Varnhagen defendia ainda que o índio escravizado pelo português vivia melhor que em estado de natureza (anarquia absoluta), assim como o negro cativo estava melhor aqui que na longínqua e rústica África.
Foi durante o período da ocupação holandesa à região nordeste que Varnhagen assinala que houve a verdadeira consolidação dos laços fraternos entre brancos, índios e negros. A união das três raças para combater o inimigo comum representou uma experiência ímpar em nossa história. Nesse embate contra os infiéis holandeses, reafirmaram-se dois aspectos para Varnhagen: a sina vitoriosa portuguesa e a opção de silvícolas e africanos pela colonização lusitana cristã.
As rebeliões e conflitos da colônia contra a metrópole, Varnhagen os qualifica de "impensados, ingratos e injustos." Lisboa sempre quis o melhor para o Brasil, mesmo quando errou. Ele chamou o movimento conhecido como Inconfidência Mineira (1789) de "planos aéreos de insurreição". É ele quem elege Tiradentes como sendo o único rebelde de fato: "figura antipática, feia, espantada e ambiciosa, que tinha se dado mal no exército e na mineração... A forca lhe deu a fama que jamais tivera em sua vida medíocre".
Varnhagen achou mais apropriado ainda o sufocamento da chamada Conjuração Baiana (1798), "um arremedo do horror da Revolução Francesa." Era mais descabida e inadequada que a conspiração de Minas pois liderada por brutos e incultos. Seus líderes foram severa e justamente punidos.
HISTORIADOR COMPROMETIDO
Todo historiador é marcado pelo seu lugar social e sua "data". Varnhagen é um legítimo representante do pensamento das aristocracias do século XIX. Ele capitula ante aos fatos históricos, deturpa-os com um olhar tendencioso de cima para baixo e tortura as fontes históricas para que elas confirmem suas teses sob encomenda. Ele tenta com História Geral do Brasil implementar uma "verdade" sobre o passado brasileiro, sendo que tal verdade nada mais é que a versão de uma das classes em luta, a versão dos que venceram pela força da pólvora e agora se utilizam da força dos livros.
Os interesses mercantis, os métodos cruéis, a escravidão e os genocídios são dissimulados sob a capa da harmonia, da colaboração e do consentimento.
Seu conceito de história prioriza aspectos político-administrativos da corte, eventos, nomes e datas isolados.
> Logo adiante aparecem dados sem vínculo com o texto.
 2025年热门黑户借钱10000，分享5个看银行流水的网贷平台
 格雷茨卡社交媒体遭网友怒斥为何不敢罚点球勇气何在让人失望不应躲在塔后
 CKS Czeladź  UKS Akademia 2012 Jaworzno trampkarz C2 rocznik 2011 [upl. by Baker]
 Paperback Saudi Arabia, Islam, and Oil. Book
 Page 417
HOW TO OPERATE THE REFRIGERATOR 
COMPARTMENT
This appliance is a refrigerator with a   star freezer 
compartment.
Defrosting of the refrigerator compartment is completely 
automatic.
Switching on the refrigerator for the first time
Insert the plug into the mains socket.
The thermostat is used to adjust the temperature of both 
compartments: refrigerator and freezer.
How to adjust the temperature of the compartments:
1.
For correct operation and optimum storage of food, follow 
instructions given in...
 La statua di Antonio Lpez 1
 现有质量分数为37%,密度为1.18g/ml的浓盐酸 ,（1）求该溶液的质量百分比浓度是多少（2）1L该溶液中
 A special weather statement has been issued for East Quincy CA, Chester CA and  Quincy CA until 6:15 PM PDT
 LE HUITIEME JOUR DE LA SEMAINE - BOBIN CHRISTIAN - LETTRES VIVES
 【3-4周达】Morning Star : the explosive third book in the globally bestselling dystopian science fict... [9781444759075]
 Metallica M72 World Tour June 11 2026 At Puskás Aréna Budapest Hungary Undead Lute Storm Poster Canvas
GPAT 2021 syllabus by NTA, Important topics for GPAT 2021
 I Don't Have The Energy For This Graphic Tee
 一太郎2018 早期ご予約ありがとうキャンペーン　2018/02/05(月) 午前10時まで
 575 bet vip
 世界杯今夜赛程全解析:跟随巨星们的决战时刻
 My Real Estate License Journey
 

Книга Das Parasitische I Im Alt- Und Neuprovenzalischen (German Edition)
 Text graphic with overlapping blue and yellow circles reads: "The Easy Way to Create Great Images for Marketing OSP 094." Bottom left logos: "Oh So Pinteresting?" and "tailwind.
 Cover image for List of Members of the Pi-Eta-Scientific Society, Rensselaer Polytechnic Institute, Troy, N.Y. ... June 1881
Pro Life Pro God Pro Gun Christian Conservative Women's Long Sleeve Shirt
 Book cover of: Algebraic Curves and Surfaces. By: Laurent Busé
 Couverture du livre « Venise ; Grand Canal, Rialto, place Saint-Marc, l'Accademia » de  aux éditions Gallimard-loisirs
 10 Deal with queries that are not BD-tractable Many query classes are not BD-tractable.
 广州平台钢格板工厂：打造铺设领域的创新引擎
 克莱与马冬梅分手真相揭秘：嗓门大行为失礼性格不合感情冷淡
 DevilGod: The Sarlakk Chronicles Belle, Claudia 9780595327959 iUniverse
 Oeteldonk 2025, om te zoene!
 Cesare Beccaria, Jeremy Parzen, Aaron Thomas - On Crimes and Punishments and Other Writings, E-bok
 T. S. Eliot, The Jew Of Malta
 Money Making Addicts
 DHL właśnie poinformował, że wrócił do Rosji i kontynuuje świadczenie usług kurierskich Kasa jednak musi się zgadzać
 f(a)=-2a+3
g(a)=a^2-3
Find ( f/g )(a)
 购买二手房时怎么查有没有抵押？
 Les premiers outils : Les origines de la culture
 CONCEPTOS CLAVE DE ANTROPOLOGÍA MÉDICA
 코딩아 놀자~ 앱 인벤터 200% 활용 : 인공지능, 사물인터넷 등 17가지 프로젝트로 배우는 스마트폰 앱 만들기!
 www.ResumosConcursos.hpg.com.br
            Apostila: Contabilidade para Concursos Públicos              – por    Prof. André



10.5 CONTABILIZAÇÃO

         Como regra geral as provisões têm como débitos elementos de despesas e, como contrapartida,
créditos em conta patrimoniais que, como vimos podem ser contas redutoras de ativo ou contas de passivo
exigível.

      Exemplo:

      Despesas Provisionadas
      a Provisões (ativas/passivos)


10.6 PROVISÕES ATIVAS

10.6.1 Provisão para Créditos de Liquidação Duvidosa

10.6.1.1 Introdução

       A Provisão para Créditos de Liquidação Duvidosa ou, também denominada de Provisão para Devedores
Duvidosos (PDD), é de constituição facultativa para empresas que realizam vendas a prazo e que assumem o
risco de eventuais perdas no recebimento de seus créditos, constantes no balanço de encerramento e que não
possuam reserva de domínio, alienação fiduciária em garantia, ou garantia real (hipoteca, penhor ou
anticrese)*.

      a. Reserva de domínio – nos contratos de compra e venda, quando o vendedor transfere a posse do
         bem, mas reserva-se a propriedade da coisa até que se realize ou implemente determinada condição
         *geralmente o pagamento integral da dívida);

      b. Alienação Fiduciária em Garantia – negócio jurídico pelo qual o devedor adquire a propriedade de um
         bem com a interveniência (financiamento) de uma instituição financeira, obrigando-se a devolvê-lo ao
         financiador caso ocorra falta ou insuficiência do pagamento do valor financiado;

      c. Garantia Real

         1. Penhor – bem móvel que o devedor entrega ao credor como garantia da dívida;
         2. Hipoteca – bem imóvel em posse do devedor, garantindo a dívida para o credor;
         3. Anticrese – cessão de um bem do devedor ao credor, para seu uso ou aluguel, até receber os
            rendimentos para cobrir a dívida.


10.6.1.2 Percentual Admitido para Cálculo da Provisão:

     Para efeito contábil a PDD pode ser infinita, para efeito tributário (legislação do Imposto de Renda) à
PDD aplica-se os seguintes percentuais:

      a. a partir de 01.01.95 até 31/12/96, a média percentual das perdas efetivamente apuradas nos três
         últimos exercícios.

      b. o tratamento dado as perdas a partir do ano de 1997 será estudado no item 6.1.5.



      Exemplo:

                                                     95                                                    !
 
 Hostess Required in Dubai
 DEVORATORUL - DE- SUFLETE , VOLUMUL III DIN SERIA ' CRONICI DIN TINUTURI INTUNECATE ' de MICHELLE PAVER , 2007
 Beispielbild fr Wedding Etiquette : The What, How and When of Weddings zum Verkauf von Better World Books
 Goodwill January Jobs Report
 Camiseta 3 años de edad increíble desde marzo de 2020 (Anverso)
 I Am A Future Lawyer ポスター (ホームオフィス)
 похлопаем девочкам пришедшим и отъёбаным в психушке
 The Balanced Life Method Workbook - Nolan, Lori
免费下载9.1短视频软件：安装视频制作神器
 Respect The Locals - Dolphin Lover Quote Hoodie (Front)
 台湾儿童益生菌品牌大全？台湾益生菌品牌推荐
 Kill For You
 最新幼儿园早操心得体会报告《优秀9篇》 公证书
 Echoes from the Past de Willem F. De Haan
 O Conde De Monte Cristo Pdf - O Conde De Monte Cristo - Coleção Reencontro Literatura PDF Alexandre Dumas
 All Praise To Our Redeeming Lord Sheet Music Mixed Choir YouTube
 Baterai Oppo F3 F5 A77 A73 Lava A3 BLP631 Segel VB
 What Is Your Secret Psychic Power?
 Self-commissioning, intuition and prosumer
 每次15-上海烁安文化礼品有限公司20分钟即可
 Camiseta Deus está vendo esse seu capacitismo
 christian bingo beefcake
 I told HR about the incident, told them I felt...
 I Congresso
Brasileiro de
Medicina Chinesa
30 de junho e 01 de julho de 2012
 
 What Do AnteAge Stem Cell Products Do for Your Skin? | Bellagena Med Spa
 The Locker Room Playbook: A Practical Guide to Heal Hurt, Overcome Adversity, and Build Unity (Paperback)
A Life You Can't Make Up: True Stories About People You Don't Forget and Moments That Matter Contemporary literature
Ela (a história) para ele é um elencar de feitos "grandiosos", focada em indivíduos virtuosos: o "enérgico Tomé de Souza", o "benemérito Mem de Sá", o "ilustre padre Bartolomeu", o "bom, religioso e justo D. João IV", etc.
Para aqueles que vêem na Carta de Caminha a certidão de nascimento das terras recém-conquistadas, a obra de Varnhagen História Geral do Brasil, recheada de adjetivos e lusofania, representa muito bem a tentativa dum primeiro registro de identidade.